Interesting Findings from CAVE
We have found that students appreciated not only the immersive aspect of their experience, but also the group learning dynamics. They can see each other within the virtual world being projected, and they can watch and verbally interact with the lead viewer as that student performs tasks in the virtual world.
The same 3D content that can be viewed in an HMD can also be viewed in a CAVE, and vice versa. But there are differences between these VR technologies. All students cannot wander independently through virtual worlds in a CAVE. They are tethered to the lead viewer’s position and motion in the virtual world. A set of HMDs and laptops can permit each student in a class to explore the same world independently.

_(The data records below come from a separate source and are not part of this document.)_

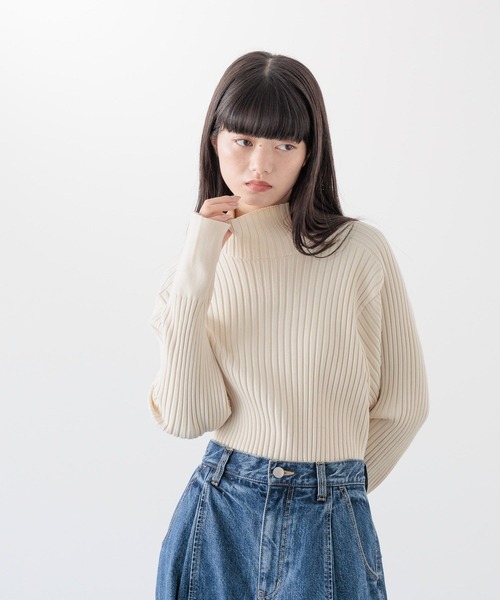 ニット セーター ワイドリブハイネックプルオーバー　294815 レディース ニット セーター ワイドリブハイネックプルオーバー 294815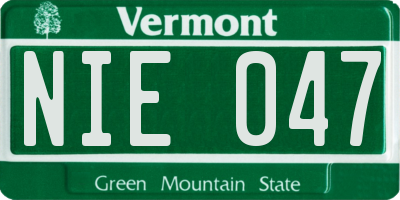 VT license plate NIE047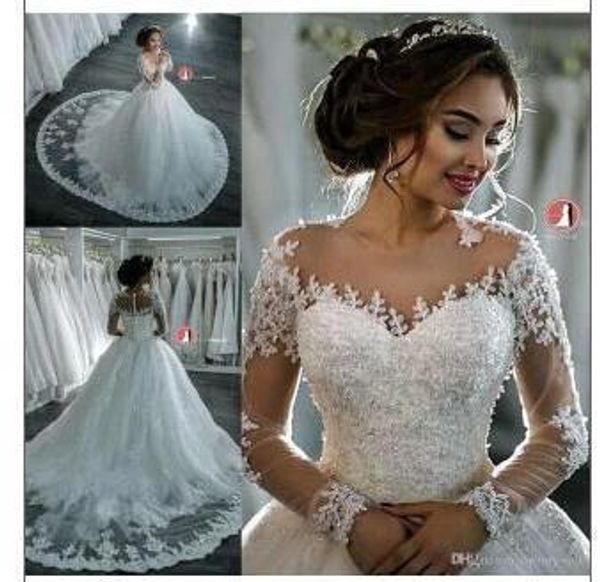

Роскошные Дубай Длинные рукава линия Свадебные платья Sheer Jewel шеи Кружева Аппликации из бисера Vestidos De Novia Свадебные платья Кнопки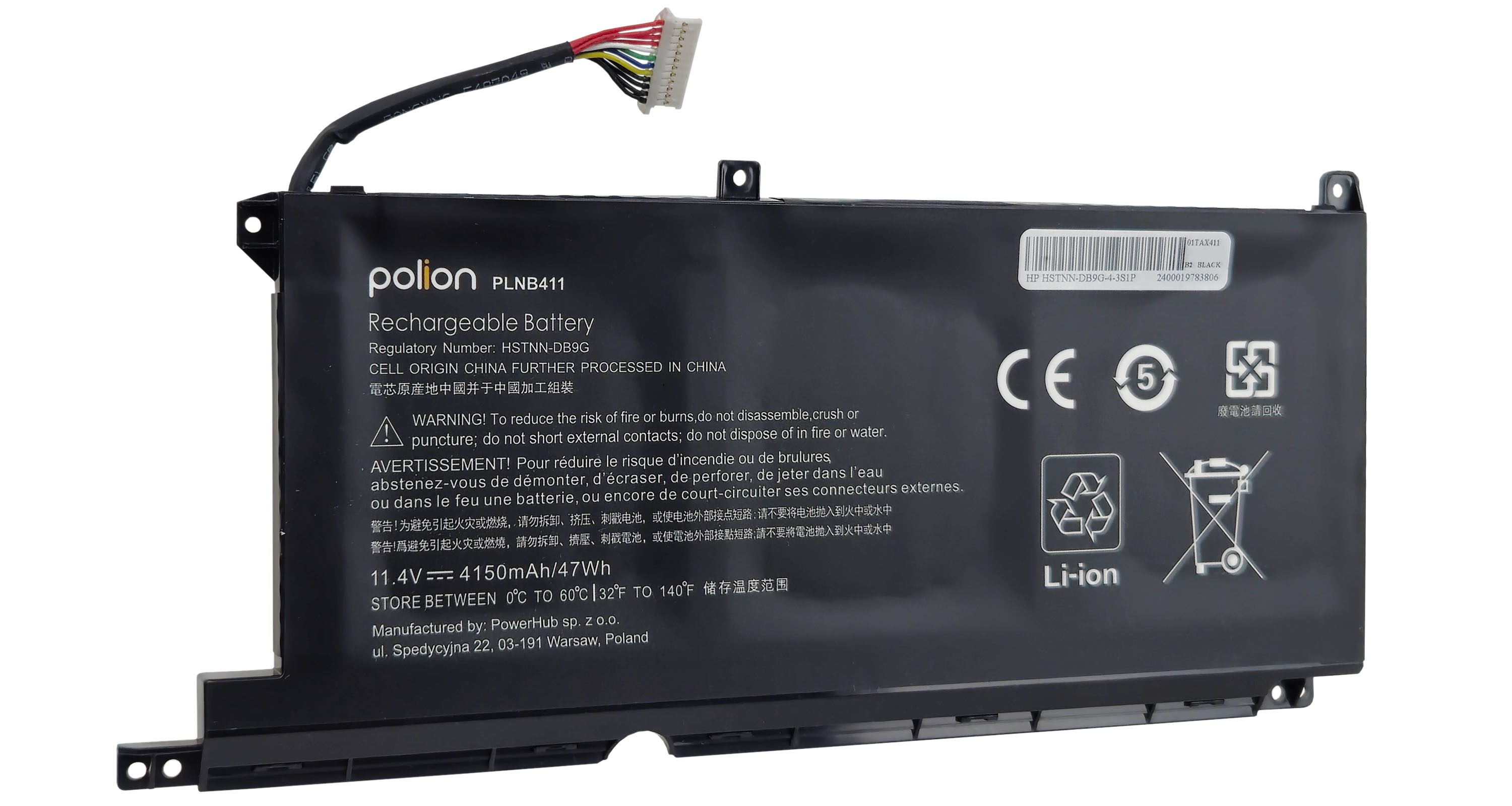 Czarna bateria Li-ion, model PLNB411, 11.4V 4150mAh, z kablem.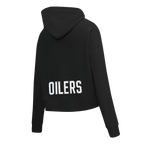 NHL EDMONTON OILERS CLASSIC WOMEN'S FLC CROPPED PO HOODIE (BLACK)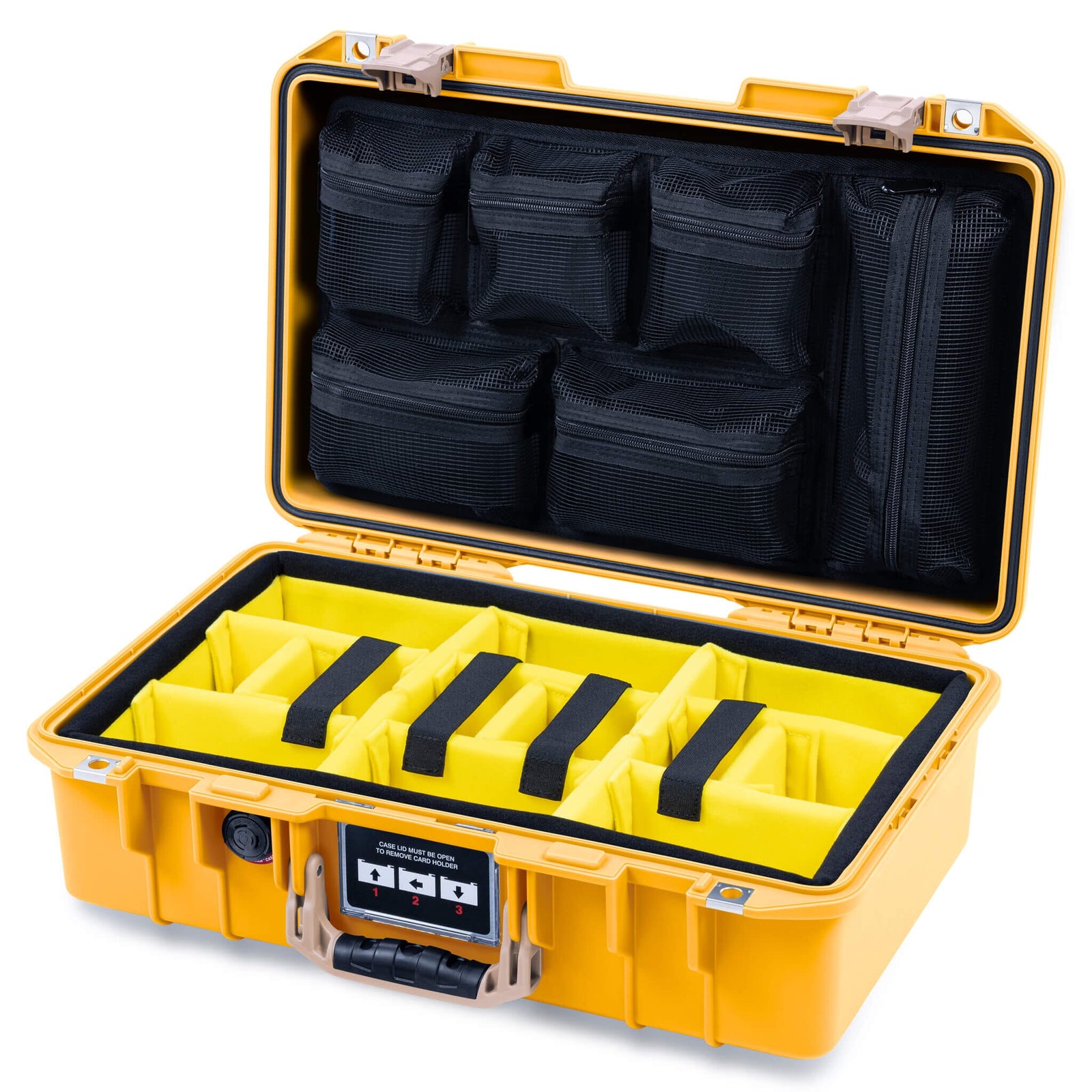 Pelican 1485 Air Case, Yellow with Desert Tan Handle & Latches Yellow Padded Microfiber Dividers with Mesh Lid Organizer ColorCase 014850-0110-240-311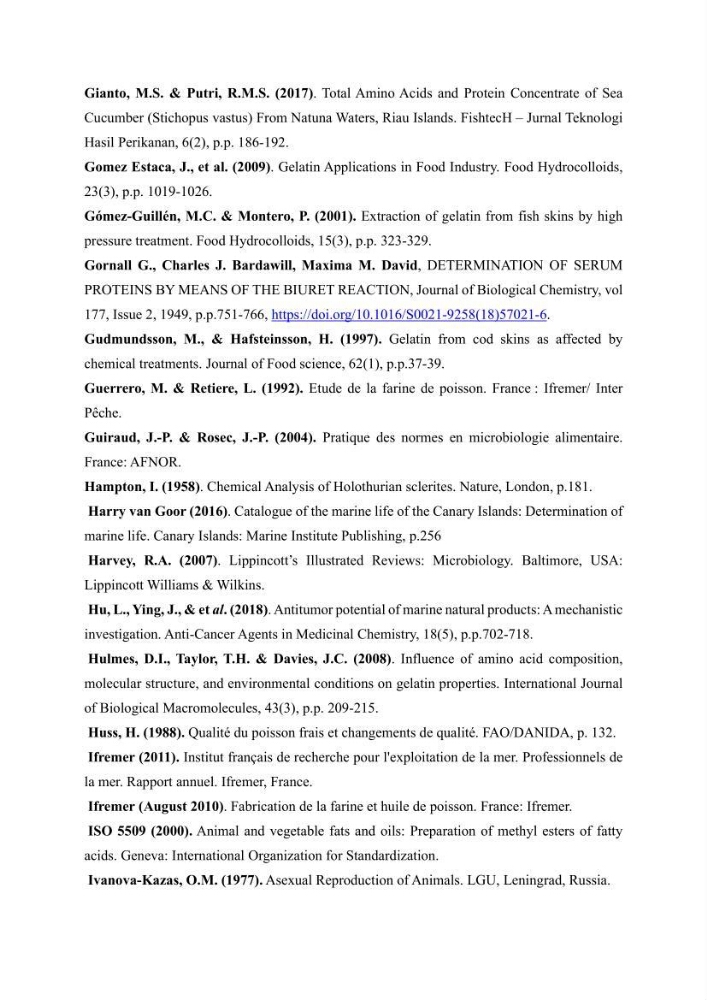 Contribution à la valorisation des coproduits des espèces d\'holothurie ( concombre de mer ) pêchées dans la côte algérienne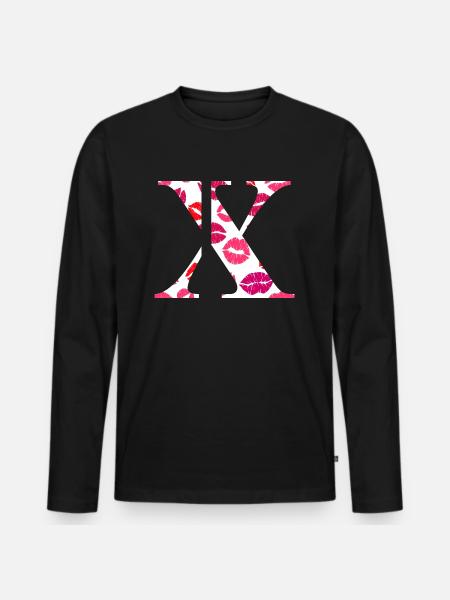 Letter x kisses - Men's Premium Organic Long Sleeve Shirt - black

On the other hand, students using HMDs cannot see each other or gesture to one another.
Based on my center’s work we have come to see these VR technologies as complementary. Each one offers support for different aspects of the total learning process. CAVEs support collaborative, social aspects of learning, while HMDs support individual, probative aspects of learning.
At Villanova, I encourage instructors to use our CAVE for its collaborative learning strengths but to make the course’s VR material available for students to check out an HMD and use it to study what they saw in the CAVE from a laptop.
I believe that the process of adopting VR as a teaching tool at any school involves decisions about more than just which particular VR technology to use based on cost. It requires planning about how VR will impact an entire class as well as individual learners within it.
When educators choose to adopt VR for courses, they need to be careful not to lose any benefits from collaborative learning strategies they were using in those courses. The process of embedding VR in a course must answer questions not just about what frames of reference we need students to see in a world, but also about what we expect students to reinforce with each other in that world.
When the total learning experience is considered, it will be crucial to bring students along with their classes into the VR era.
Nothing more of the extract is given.